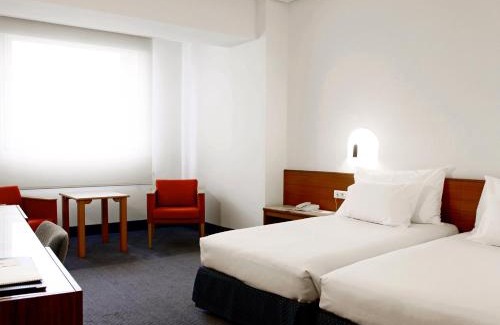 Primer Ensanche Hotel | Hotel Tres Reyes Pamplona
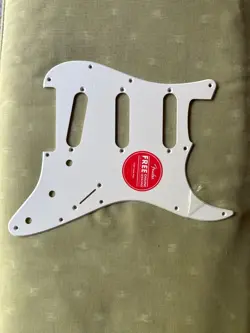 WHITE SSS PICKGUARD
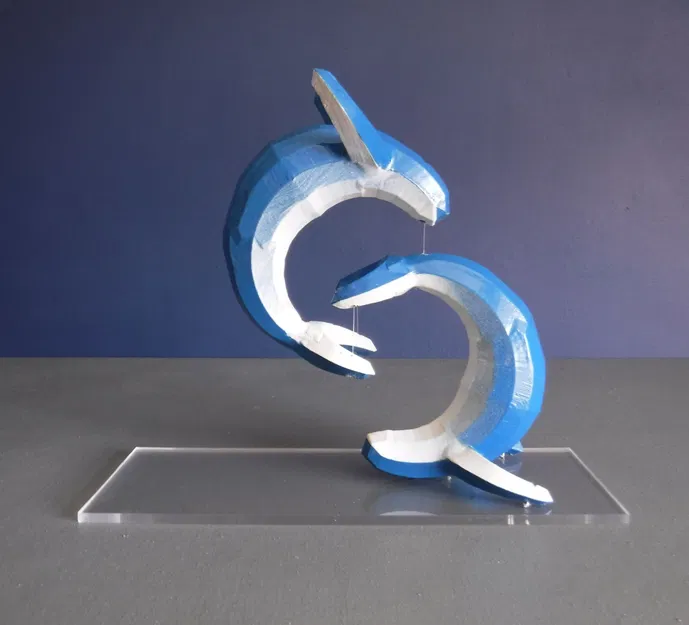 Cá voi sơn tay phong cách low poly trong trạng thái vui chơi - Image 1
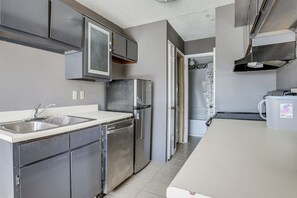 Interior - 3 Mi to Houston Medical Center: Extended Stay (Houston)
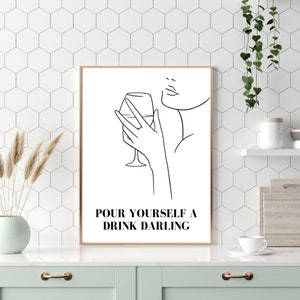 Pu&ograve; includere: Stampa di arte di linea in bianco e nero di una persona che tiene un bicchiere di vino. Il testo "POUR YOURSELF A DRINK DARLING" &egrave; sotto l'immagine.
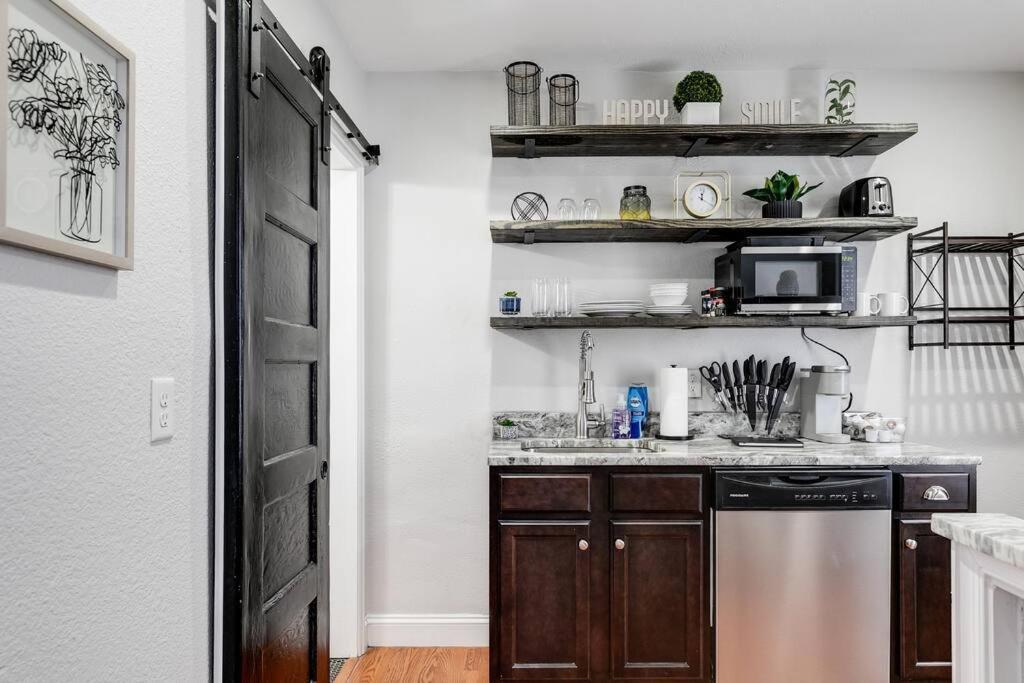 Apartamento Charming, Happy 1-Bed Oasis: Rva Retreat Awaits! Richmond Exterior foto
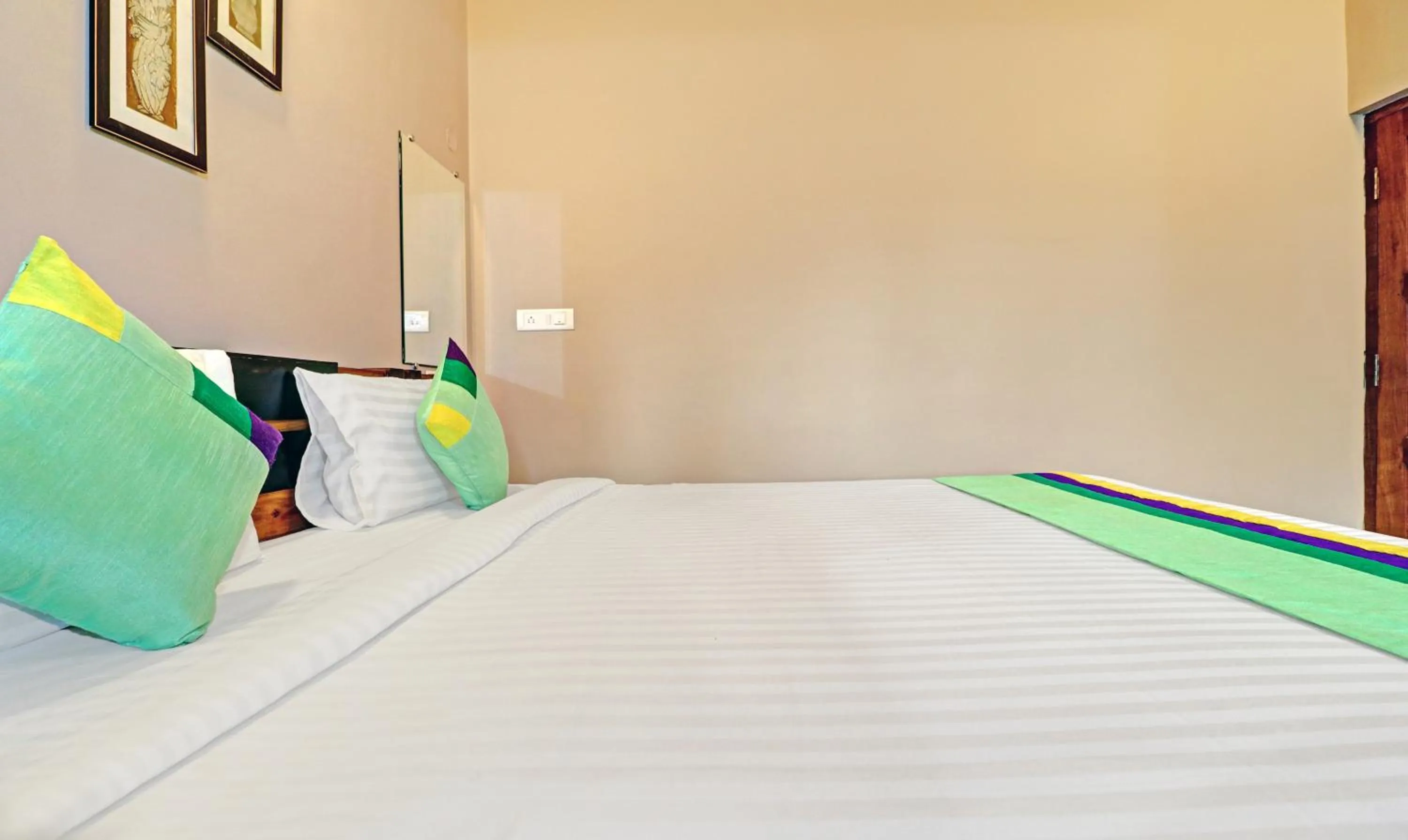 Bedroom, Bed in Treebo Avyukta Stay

+ + + + +

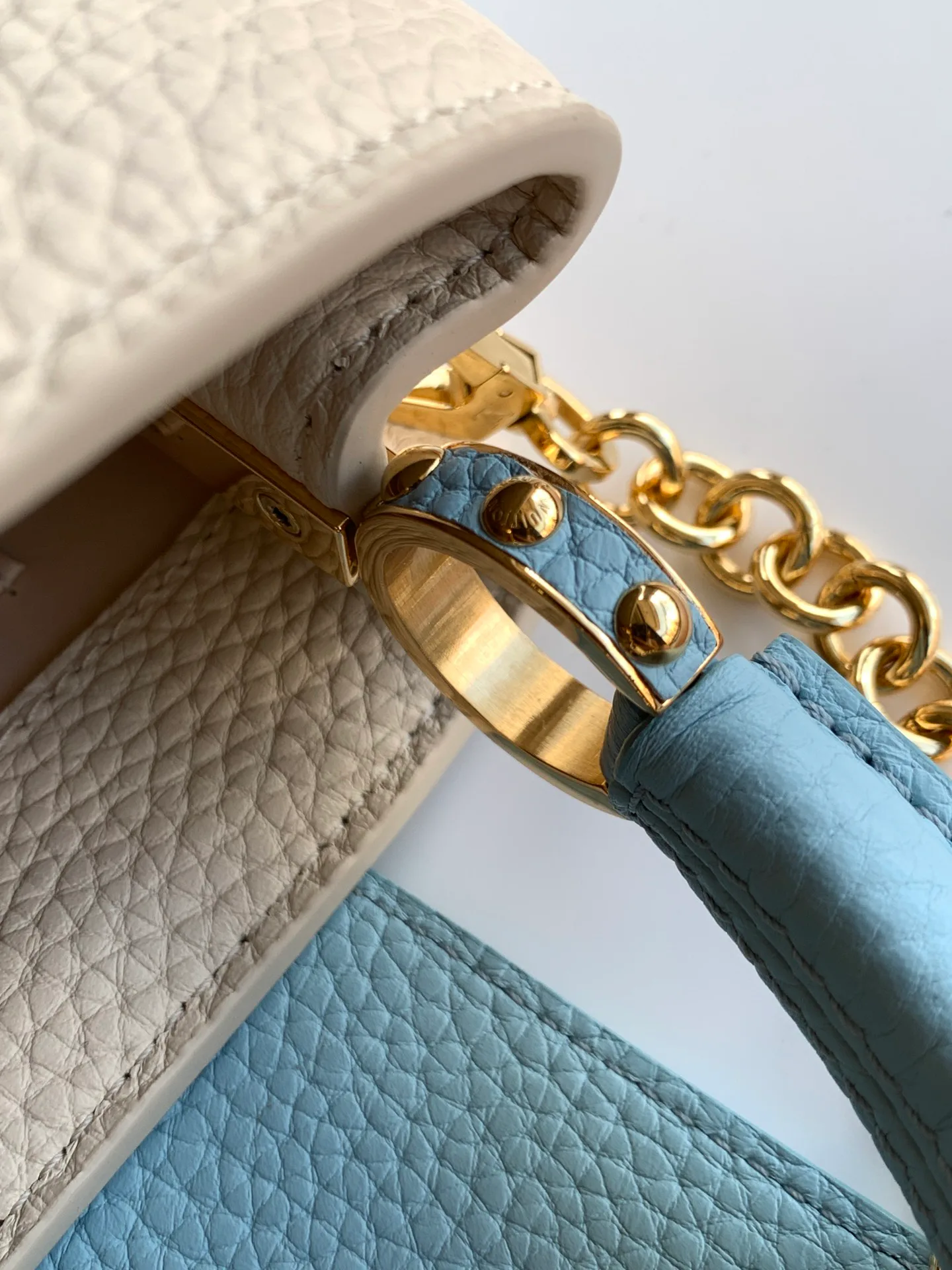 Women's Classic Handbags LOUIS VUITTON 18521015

+ + + + +

> _Task item_: Set down, exactly as written above, each line from the one with "Apartamento Charming, Happy" through the one with "Bedroom, Bed in Treebo Avyukta Stay", and skip the pictures.

> _The completed task_:
 Apartamento Charming, Happy 1-Bed Oasis: Rva Retreat Awaits! Richmond Exterior foto
 Bedroom, Bed in Treebo Avyukta Stay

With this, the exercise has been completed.